## WHAT NEEDS TO BE DONE
The answer should be every line below, repeated exactly, with the images left out.

━━━ DATA SHOWN ━━━

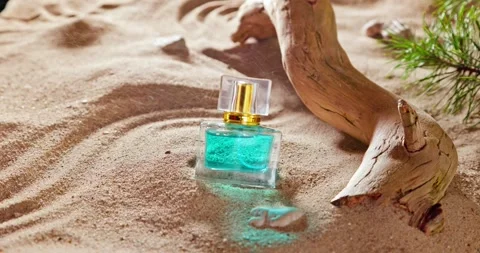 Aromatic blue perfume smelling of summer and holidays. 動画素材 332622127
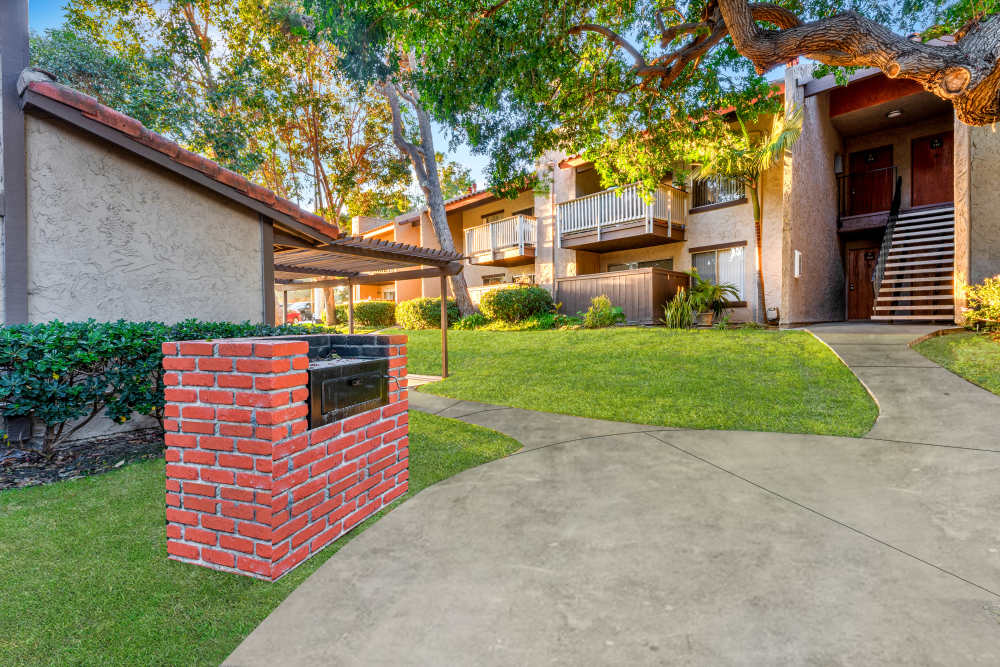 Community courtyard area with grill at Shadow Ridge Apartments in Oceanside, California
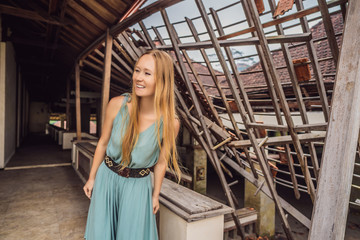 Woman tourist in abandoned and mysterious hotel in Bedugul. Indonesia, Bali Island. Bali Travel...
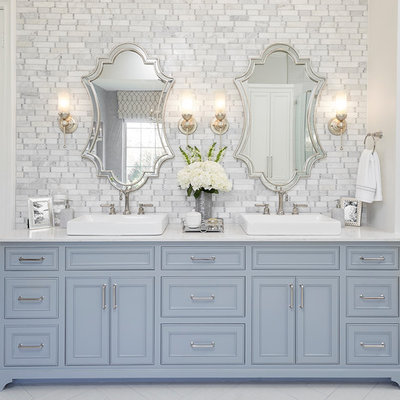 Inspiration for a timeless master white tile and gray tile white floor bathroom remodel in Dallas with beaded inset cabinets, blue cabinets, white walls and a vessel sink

━━━

## RESULT FOR THIS TASK
 Aromatic blue perfume smelling of summer and holidays. 動画素材 332622127
 Community courtyard area with grill at Shadow Ridge Apartments in Oceanside, California
 Woman tourist in abandoned and mysterious hotel in Bedugul. Indonesia, Bali Island. Bali Travel...
 Inspiration for a timeless master white tile and gray tile white floor bathroom remodel in Dallas with beaded inset cabinets, blue cabinets, white walls and a vessel sink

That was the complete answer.